How Much Do Corporate CEOs Really Make?

by Tim on October 30, 2008

There is a lot of chatter now about the outrageous salaries many public CEO’s make - especially those CEO’s that have recently seen their companies implode - so I thought I would do a little investigation into the facts.  According to a recent survey by Forbes, here is a snapshot of the compensation last year for some of our highest paid CEOs:

CEO                         Company                     Compensation

Larry Ellison                Oracle                               $193 million

Frederic Poses             Trane                                $127 million

Aubrey McClendon      Chesapeake Energy           $117 million

Angelo Mozilo             Countrywide Finance         $103 million

Howard Schultz           Starbucks                            $99 million

Nabeel Gareeb             MEMC Electronic                  $80 million

Daniel Amos               Aflac                                     $75 million

In fact, the highest paid 25 CEOs in the country all made in excess of $46 million each.  These are phenomonal numbers.  I am the CEO of a private company  - considerably smaller than any of these individuals run (though last year I am pleased to announce we were more profitable last year than several of the companies on the list of the 25 highest paid CEOs).  I founded the company, but now have investors, and those investors deserve a decent return on their money.  Accordingly I work on a reasonable base salary, and a bonus based on profitability and growth.  No profitability - no bonus.  Seems like a reasonable deal to me.
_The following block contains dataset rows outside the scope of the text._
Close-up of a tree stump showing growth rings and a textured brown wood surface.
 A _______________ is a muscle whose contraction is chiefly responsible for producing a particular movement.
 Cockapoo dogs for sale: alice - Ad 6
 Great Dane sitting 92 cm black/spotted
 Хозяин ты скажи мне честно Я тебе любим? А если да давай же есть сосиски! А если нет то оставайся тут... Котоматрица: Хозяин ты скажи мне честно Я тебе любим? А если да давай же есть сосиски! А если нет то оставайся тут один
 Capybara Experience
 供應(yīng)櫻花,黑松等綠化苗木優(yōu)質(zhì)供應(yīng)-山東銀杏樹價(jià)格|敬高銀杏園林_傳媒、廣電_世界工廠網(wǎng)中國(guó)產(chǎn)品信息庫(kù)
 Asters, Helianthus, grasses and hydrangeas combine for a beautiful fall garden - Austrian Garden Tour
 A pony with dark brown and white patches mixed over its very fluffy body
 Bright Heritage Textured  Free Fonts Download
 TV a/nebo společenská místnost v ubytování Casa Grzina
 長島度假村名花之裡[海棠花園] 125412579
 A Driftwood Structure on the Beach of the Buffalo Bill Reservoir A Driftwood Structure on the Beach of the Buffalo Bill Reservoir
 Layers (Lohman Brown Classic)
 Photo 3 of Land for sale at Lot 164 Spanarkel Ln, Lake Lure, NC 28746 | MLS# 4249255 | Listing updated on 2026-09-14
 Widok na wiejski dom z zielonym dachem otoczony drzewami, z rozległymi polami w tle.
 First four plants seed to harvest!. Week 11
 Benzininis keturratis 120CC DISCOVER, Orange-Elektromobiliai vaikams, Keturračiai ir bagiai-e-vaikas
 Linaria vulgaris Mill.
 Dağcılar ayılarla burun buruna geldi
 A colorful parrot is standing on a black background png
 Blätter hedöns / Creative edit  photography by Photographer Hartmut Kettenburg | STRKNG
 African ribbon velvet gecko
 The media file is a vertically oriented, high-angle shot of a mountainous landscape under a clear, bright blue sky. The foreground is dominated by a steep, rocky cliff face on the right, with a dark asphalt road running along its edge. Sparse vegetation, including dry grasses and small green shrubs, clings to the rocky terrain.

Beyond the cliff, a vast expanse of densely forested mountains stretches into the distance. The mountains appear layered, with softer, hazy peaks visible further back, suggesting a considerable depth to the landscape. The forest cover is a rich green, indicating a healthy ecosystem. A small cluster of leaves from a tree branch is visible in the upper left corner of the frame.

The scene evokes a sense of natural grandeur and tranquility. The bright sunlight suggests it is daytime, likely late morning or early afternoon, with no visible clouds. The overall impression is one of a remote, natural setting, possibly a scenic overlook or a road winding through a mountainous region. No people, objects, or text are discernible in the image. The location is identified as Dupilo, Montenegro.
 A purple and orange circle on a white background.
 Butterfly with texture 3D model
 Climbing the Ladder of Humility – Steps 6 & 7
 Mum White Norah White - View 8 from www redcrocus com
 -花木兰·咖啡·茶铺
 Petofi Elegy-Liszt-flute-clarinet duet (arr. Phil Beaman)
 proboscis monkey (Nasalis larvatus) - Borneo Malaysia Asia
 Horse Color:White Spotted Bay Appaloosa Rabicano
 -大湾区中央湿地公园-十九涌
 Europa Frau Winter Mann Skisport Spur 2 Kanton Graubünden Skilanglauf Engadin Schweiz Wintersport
While there are certainly great companies and great CEOs on the highest paid list (and many founders that created those great companies) - many actually were at the helm of shrinking companies with little or no profit - yet they made massive amounts of money - hence the great public concern of overpaid CEOs.  Average pay exceeding forty six million dollars a year is an incredible statistic, and shareholders have every reason to be irate. I am a believer in the power and importance of the entrepreneur, and compensation based on performance. CEOs that take home tens of millions per year while driving stockholder value into the ground should be thrown out.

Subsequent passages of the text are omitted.